A circa sei mesi di distanza dall’entrata in vigore della normativa italiana che prevede una tracciabilità chiara sull’origine dei prodotti lattiero-caseari, scoppia la polemica da parte degli addetti al settore rappresentati da Assolatte.

Da una parte, infatti, i lavoratori sono fermamente convinti sia necessaria, a favore del consumatore, un’etichettatura chiara, visibile e facilmente leggibile così come previsto da
l regolamento Ue n. 1169/2011. Dall’altra, però, pur avendo istituito una misura giusta, ritengono che l’Italia si sia messa in posizione di svantaggio rispetto al resto dell’Europa.

La legislazione in materia, infatti e paradossalmente, secondo gli addetti al settore è arrivata con tempistiche sbagliate. Troppo in anticipo, cioè, rispetto agli altri Paesi dell’Unione i quali ancora non si sono adeguati al regolamento Ue del 2011. Risultato?
I concorrenti esteri che commerciano prodotti lattiero-caseari possono farlo in Italia senza indicare nessuna origine.

Il
regolamento Ue n. 1169/2011 prevede che le etichette di questi prodotti indichino il nome del Paese in cui è stato munto il latte e quello in cui è stato condizionato o trasformato. Qualora il latte o il latte utilizzato come ingrediente sia stato munto, confezionato e trasformato nello stesso Paese, l’indicazione di origine può essere assolta con una sola dicitura.

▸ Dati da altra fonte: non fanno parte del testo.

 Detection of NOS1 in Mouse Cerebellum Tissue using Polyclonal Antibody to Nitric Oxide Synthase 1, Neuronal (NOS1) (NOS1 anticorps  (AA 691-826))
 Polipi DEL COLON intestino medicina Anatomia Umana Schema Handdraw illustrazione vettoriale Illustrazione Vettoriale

“Siamo a favore della trasparenza e della corretta informazione di tutti i consumatori e per questo stiamo lavorando affinché l’origine in etichetta diventi un obbligo europeo. Per questa ragione – ha affermato all’Ansa Giovanni Ambrosi, presidente Assolatte – abbiamo forti perplessità sulla normativa italiana che ha introdotto l’indicazione dell’origine del latte in etichetta, una fuga in avanti che mette a dura prova la competitività delle aziende italiane e rischia di confondere i consumatori”.

“Il quadro è ancor più sconcertante – ha aggiunto Ambrosi – se si guardano le tempistiche e le modalità di uscita della norma. Il decreto è apparso fin da subito poco chiaro ed è stato necessario pubblicare diverse circolari interpretative che non hanno sciolto tutte le riserve. Le aziende hanno avuto solo tre mesi di tempo per adeguare le confezioni: un tempo troppo breve per smaltire i prodotti in magazzino che ha portato a un aumento sensibile degli sprechi. La proliferazione di iniziative nazionali circa la regolamentazione dell’etichettatura di origine sta diventando deleteria per il mercato unico europeo. Bisogna fare squadra con le istituzioni nazionali e comunitarie per far sì che si arrivi presto ad una normativa armonizzata”.